(J.R. Guzzo, publicado no jornal O Estado de S. Paulo em 18 de dezembro de 2022)
Está em pleno funcionamento no Brasil um novo Ato Institucional número 5, o instrumento de força usado pelo regime militar para impor ao Brasil uma ditadura que durou mais de dez anos — só que mais destrutivo, mais perverso e com propósitos piores que os do modelo original. O AI-5 de hoje é o inquérito perpétuo, sem limites e absolutamente ilegal que o ministro Alexandre de Moraes comanda contra “atos antidemocráticos”, usando como seu braço armado uma Polícia Federal que não cumpre mais a lei e obedece às cegas a todas as suas ordens. “Ato antidemocrático”, muito simplesmente, é tudo aquilo que o ministro diz que é antidemocrático, como eram os “atos subversivos” do regime dos generais. É o pé de cabra que ele inventou para dar a si próprio o direito de agir fora da lei. Por conta da necessidade de defender “a democracia”, aboliu a exigência elementar de que um cidadão só pode ser acusado por crimes que estejam previstos no Código Penal e no resto da legislação brasileira — e dentro de processo legal, perante a Justiça. O resultado é que o inquérito está servindo, unicamente, para Moraes perseguir quem cai na lista de inimigos do seu projeto político.

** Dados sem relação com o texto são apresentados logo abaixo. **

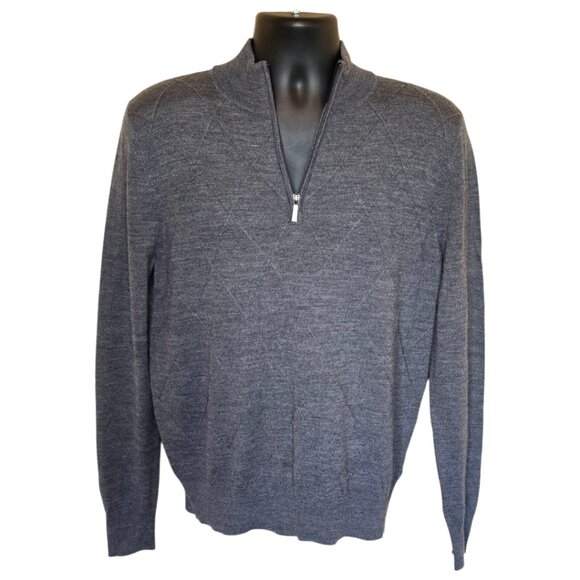 NWOT  -  BROOKS BROTHERS Merino Wool Argyle Quarter Zip Sweater sz S - Picture 2 of 13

“Ainda tem muita gente para prender”, ameaçou ele, com a certeza de quem faz o que quer. Nenhum oficial da ditadura disse uma coisa dessas, nunca — Moraes diz e dá risada. Em seu último surto, prendeu quatro cidadãos no Espírito Santo que não cometeram delito algum — um deles foi acusado de “demonizar” o STF, coisa que não tem existência legal nenhuma. Prendeu empresários. Prendeu um cacique indígena. Mandou colocar tornozeleira eletrônica. Aplica multa de R$ 23 milhões, ou de R$ 150 mil por hora. Congela contas bancárias. Bloqueia salários. Manda a Polícia Federal invadir residências e escritórios às 6 horas da manhã. Não obedece à lei que dá ao Ministério Público a exclusividade na acusação penal. Ignora os pedidos oficiais do MP para arquivar o seu inquérito; ou então fecha um e abre outro no mesmo dia. O Congresso, as Forças Armadas e os cardeais da “sociedade civil” aceitam tudo. É democracia, isso?

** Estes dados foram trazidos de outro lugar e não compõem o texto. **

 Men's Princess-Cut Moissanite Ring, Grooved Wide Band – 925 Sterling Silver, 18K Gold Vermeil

Está em pleno funcionamento no Brasil, e antes mesmo de começar o novo governo Lula, o maior esquema de corrupção que este país já viu — perto do que vem por aí, a ladroagem alucinada dos 13 anos em que o PT esteve no poder vai parecer assunto para o juizado de pequenas causas. A primeira grande ordem de “avançar” é a infame mudança na Lei das Estatais — uma safadeza armada no submundo da Câmara, e apoiada em massa pelo PT, que permitirá a Lula enfiar até 600 serventes políticos na direção das empresas do governo. É daí para pior.